Tuesday, October 23, 2012

To Proficiency and Beyond!!!

I decided that this is my new motto - To Proficiency and Beyond!!!  

In fact, maybe I'll have to consider changing my blog name to "To Proficiency and Beyond".


Why? Because this year, more than any other year in my teaching career, I thoroughly scrutinize my lesson plans to assure that the activities I offer are those geared toward helping my students become proficient in the language.  Doing things like I used to, simply because that's how I always did it in the past, doesn't stand up against the scrutiny of the question, "Does this help the students to acquire the language?"


Through my intensive reading on how students acquire a language, and through my own personal experience of when I learned Spanish, and also how my students are progressing in my classes, it has become crystal clear that some activities I used to do, did nothing more than act as a vacuum, sucking up precious minutes of class time. 


I still catch myself at times planning an activity for class that is based more on the "fun factor" than on acquiring the language.  That's when I have to Stop, Review my Goals for my Students, and re-evaluate and make necessary adjustments to keep proficiency as the target.


Please don't interpret the previous statements to mean that teaching with TPRS isn't fun.  That would be a definite misunderstanding. Teaching with TPRS and CI has brought a breath of fresh air into my teaching because it involves the students.  It draws them into the story with their creative ideas for the story development, through acting, through class responses during storytelling, using their artistic skills, and a whole list of other ways.  There are days that I look at the lesson plans I made on the weekend and find myself looking forward to sharing a story with a class to see how they make it their own through their contributions. 

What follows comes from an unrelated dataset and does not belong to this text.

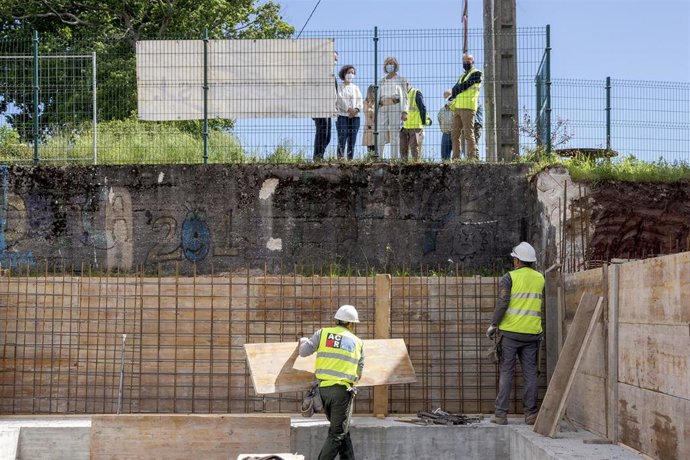 La consejera de Educación y Formación Profesional, Marina Lombó, visita el CP Ambrosio Díaz Gómez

"Fun" has a new meaning.  

"Fun" is reading a chapter with the students in the mini-novel and students, that would have struggled in the traditional setting, volunteer to summarize what happened in that chapter.  
"Fun" is hearing a learning-support student say, "Hey, I think I'm getting this." (which I heard today and it made me smile). 
"Fun" is reading the students' endings to a story that they wrote without dictionaries.  
"Fun" is when I ask a series of questions to a students in Spanish, and they answer, whether in single words or full sentences without hesitation, and I point out to them that their comprehension of my questions was "spot on". 
"Fun" is when students say "awwww" when I end an activity such as creating more details about a person or describing, in Spanish, their classmates' sketches that I share w/ the use of the document camera.
"Fun" is hearing from students that graduated and say they're enjoying their college level Spanish classes and are considering minoring in Spanish.

The groundwork and formula for that fun always lies in providing CCI (Compelling Comprehensible Input) for the students.  It's not always an easy road, and certainly not without many mistakes on my part, made along the way.  It is a journey that demands a sincere commitment from me, every day, every class, personalized for every student.  It's not about me; it's all about them, and all about getting them "To Proficiency and Beyond!!!"